Useless use taxes lead to national online sales tax collection
Friday, April 26, 2013
Online shoppers are grumbling about the very real possibility that they'll soon be paying state (and local) sales tax on their purchases.
The Senate will take a final vote on its Internet sales tax bill, still referred to by some as the Amazon tax even though the online retail giant now supports the levy, on May 6. It is expected to pass and head to the House for consideration, where the outcome isn't as sure, but most expect it to be approved there, too.
Guess what. You probably should have been paying those taxes anyway.
States that collect sales taxes also have use taxes. A state's use tax usually is the same rate as its sales tax.
And as its name indicates, a use tax is levied on an item purchased without paying your home state's sales tax but which you bring back to your home to use.
That means you owe sales tax on that table sitting in your living room that you bought from an online retailer who didn't collect tax when you hit "enter."
Varying ways to collect use taxes: Many states include a line on their income tax returns where you can include your use tax amount. Here in Texas where we don't have a state income tax, we have a special separate use tax form.
Neither use tax collection method seems to work very well.
A study by the Minnesota House of Representatives found that only about 1.6 percent of taxpayers report use tax on their income returns. My guess is that only 0.00001 percent of my fellow Texans report and remit their use taxes.

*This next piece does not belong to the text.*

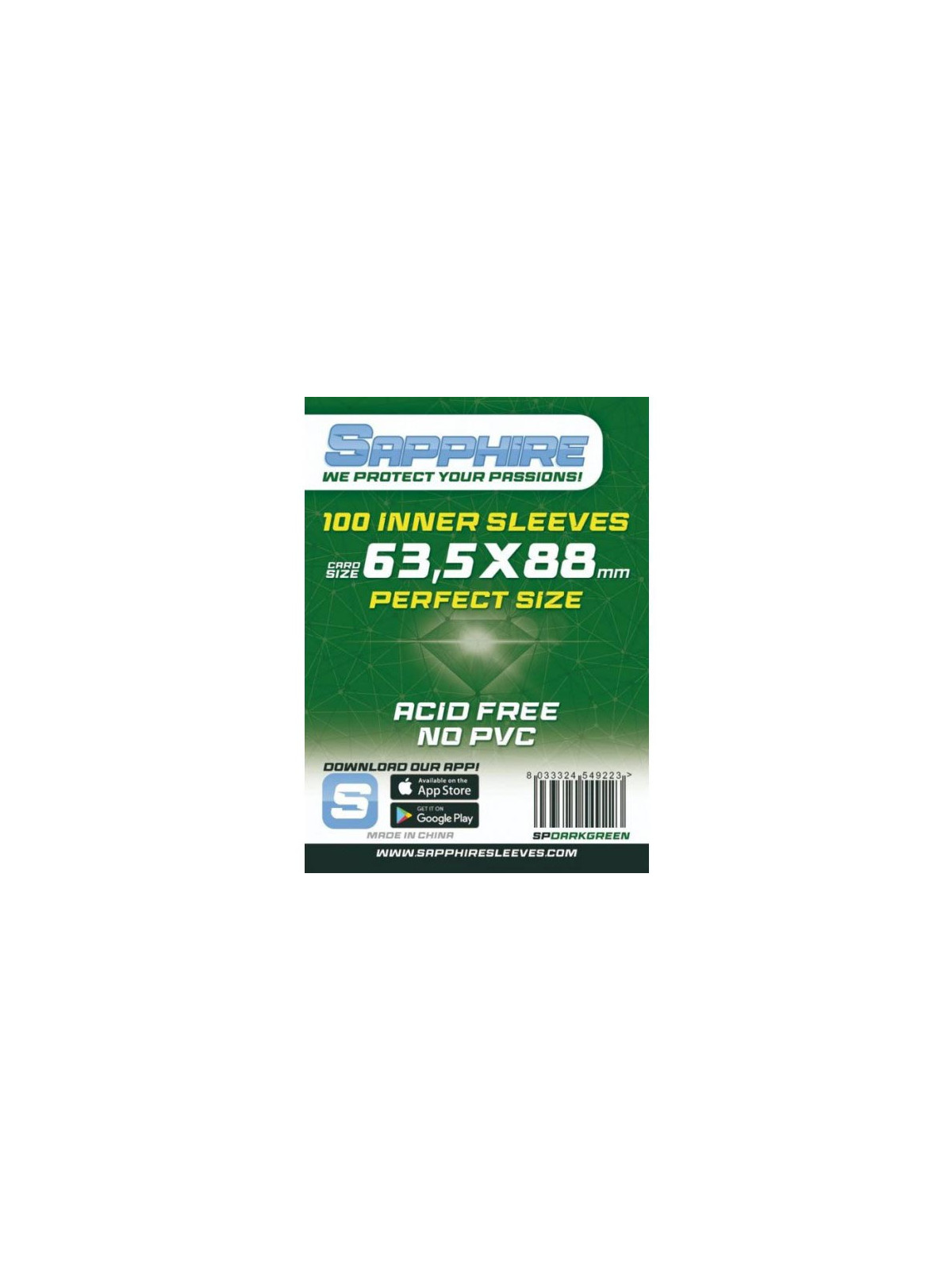 Sapphire bustine protettive 63.5x88mm perfect green 100pz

State forms, tables increase use tax compliance: The use tax collection rate is higher where state tax departments offer their residents lookup tables.
These tables are similar to the Internal Revenue Service's itemized sales tax deduction tables for each state, where you can find an average tax amount to deduct based on your income. With the use tax tables, you find the average amount of that tax, also based on your income, to pay your state tax collector.

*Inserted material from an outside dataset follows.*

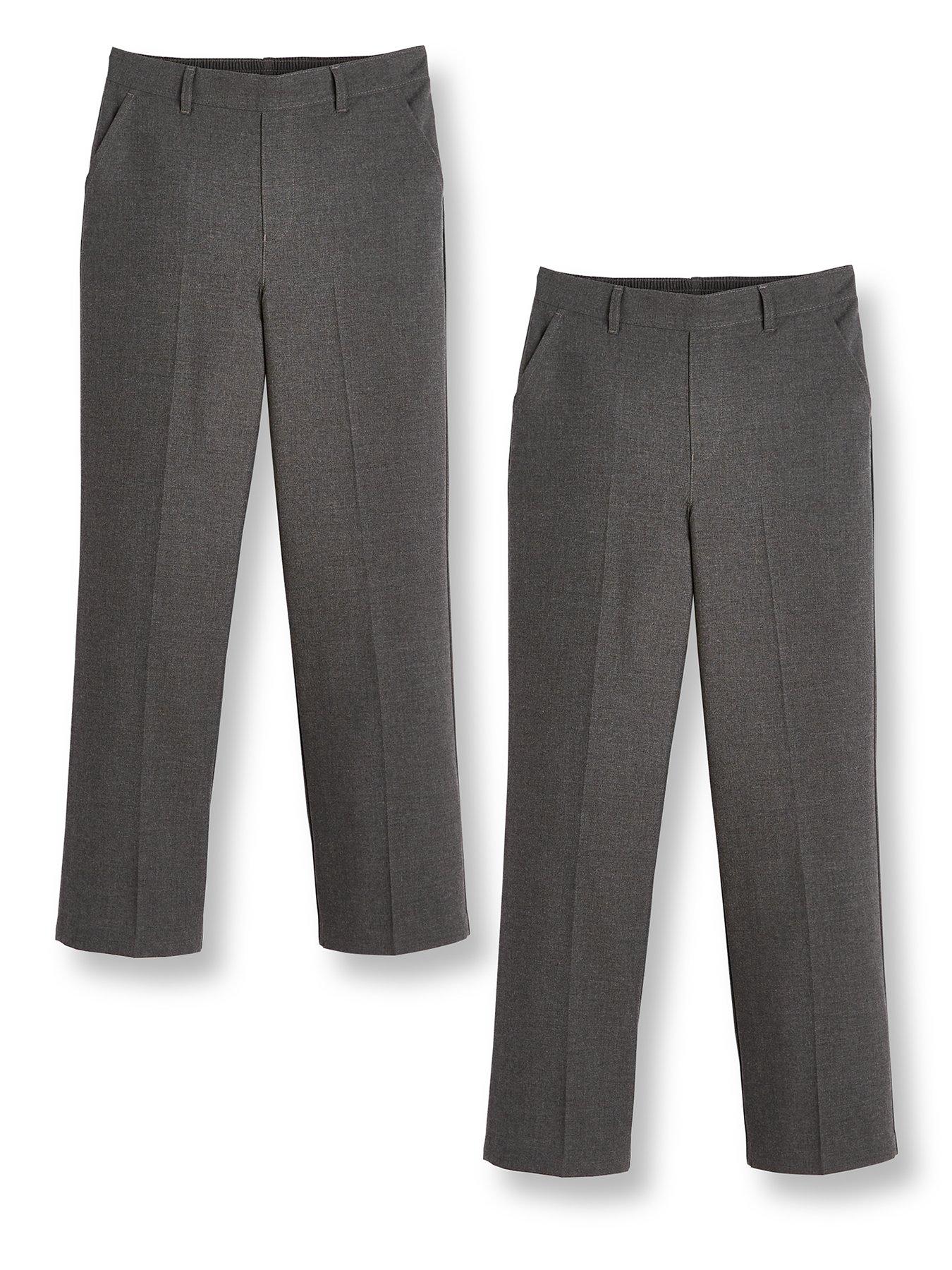 Everyday Boys 2 Pack Pull On School Trousers - Grey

The use tax tables make compliance with the tax more convenient since you don't have to hang onto receipts for every non-taxed purchase made while traveling, from catalogs or over the Internet.
Payment of use taxes, according to the Minnesota report, is a rate of 3.1 percent for states with lookup tables and only 0.6 percent for those without.
Diligent Maine use tax payers: Seven states have higher than average participation rates, led by Maine at 9.8 percent. Vermont residents also deserve kudos for their 7.9 percent use tax payment rate.
"Maine's exceptionally high participation rate in this and earlier years may be the result of its previous practice (through 1999) of assuming liability equal to 4 percent of income if none was reported," notes the report. "Maine has had a higher participation rate than other states since then. Maine's aggressive 2006 publicity program for the use tax may have also contributed to the high participation rate."
In 2009, Maine taxpayers reported $3.1 million in use taxes. The average use tax, include don nearly 10 percent of state returns filed that year, was $49.
But that's nothing compared to 2012 estimates.
A Governing.gov interactive use tax map shows that for the last tax year, Maine's uncollected use tax is $65.4 million, with almost half of that lost tax revenue coming from electronic transactions.
That's a perfect example of why use taxes are so often called useless taxes.
And it's why states, tired of their residents ignoring use tax laws have decided it's easier and more cost-efficient for the government offices to make sellers collect the sales taxes.